[[ Data below open ]]

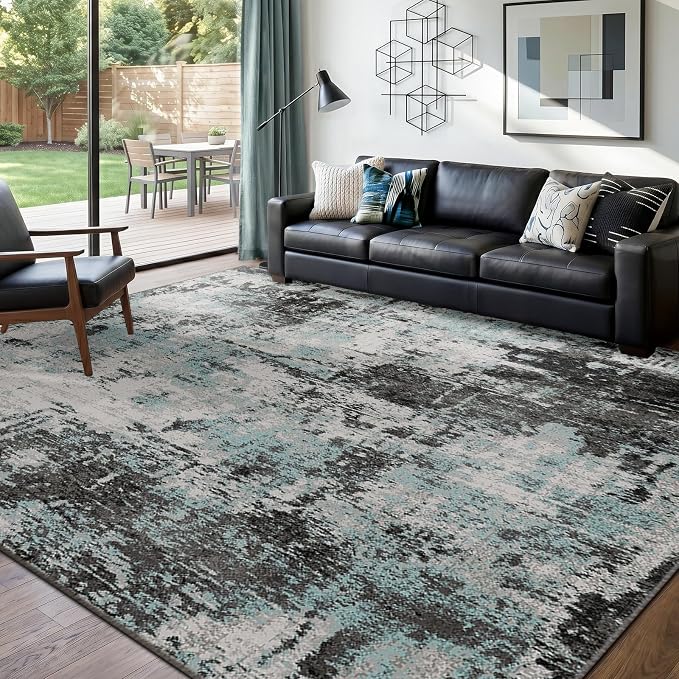 RELEANY Washable Area Rugs 6'x9' Non-Slip Modern Abstract Soft - Image 9
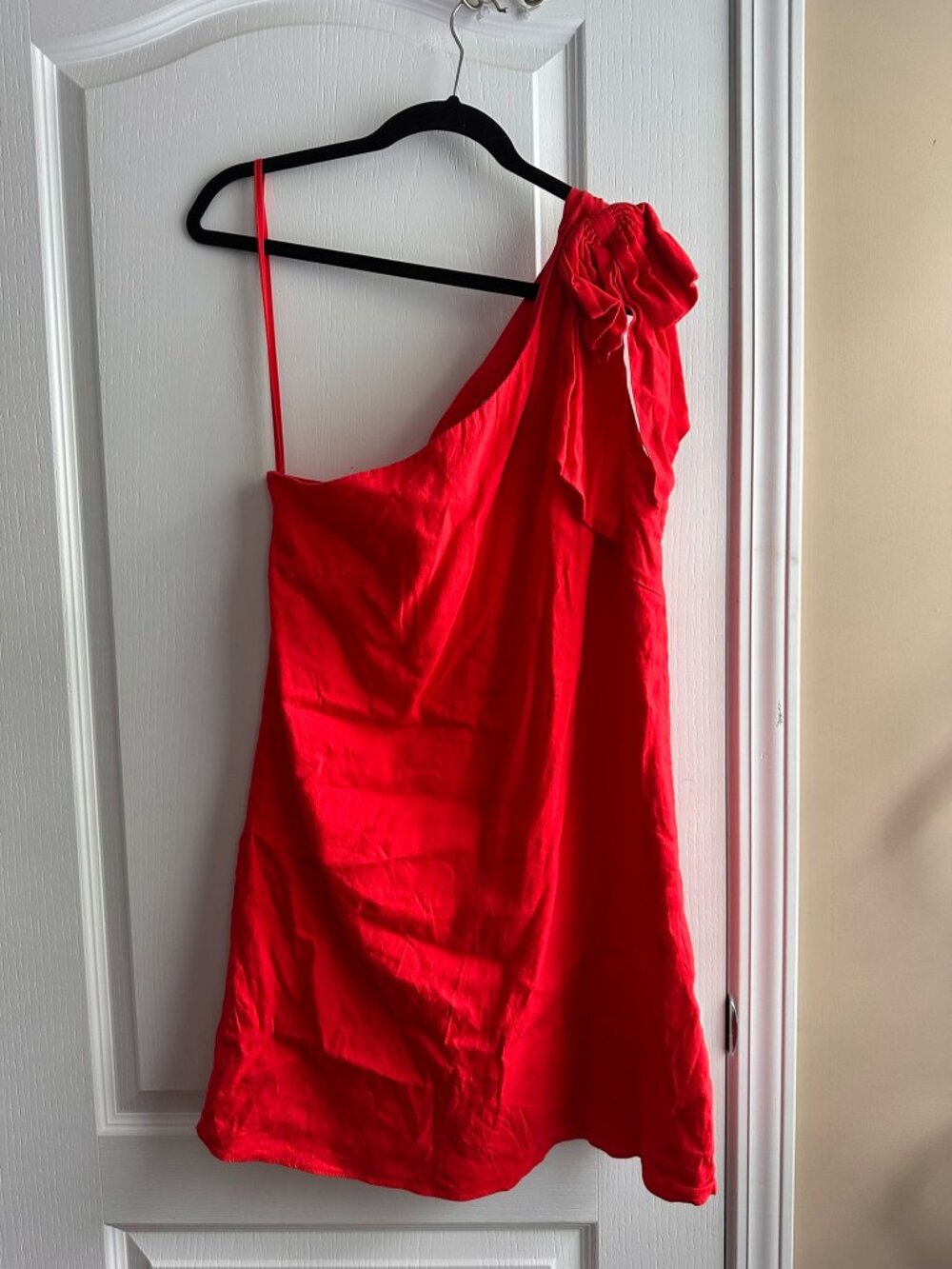 Antonio Melani Red One Shoulder Shift Dress Size 12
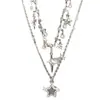 Collar con Borlas de Estrella de Cinco Puntas Transfronterizo Set de 2 Piezas Estilo de Doble Capa Sencillo Ins Accesible Lujo Collar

[[ Data below closed ]]

_Goal of the exercise:_ Leaving the pictures out, print every line of the listing exactly.

_Response:_
 RELEANY Washable Area Rugs 6'x9' Non-Slip Modern Abstract Soft - Image 9
 Antonio Melani Red One Shoulder Shift Dress Size 12
 Collar con Borlas de Estrella de Cinco Puntas Transfronterizo Set de 2 Piezas Estilo de Doble Capa Sencillo Ins Accesible Lujo Collar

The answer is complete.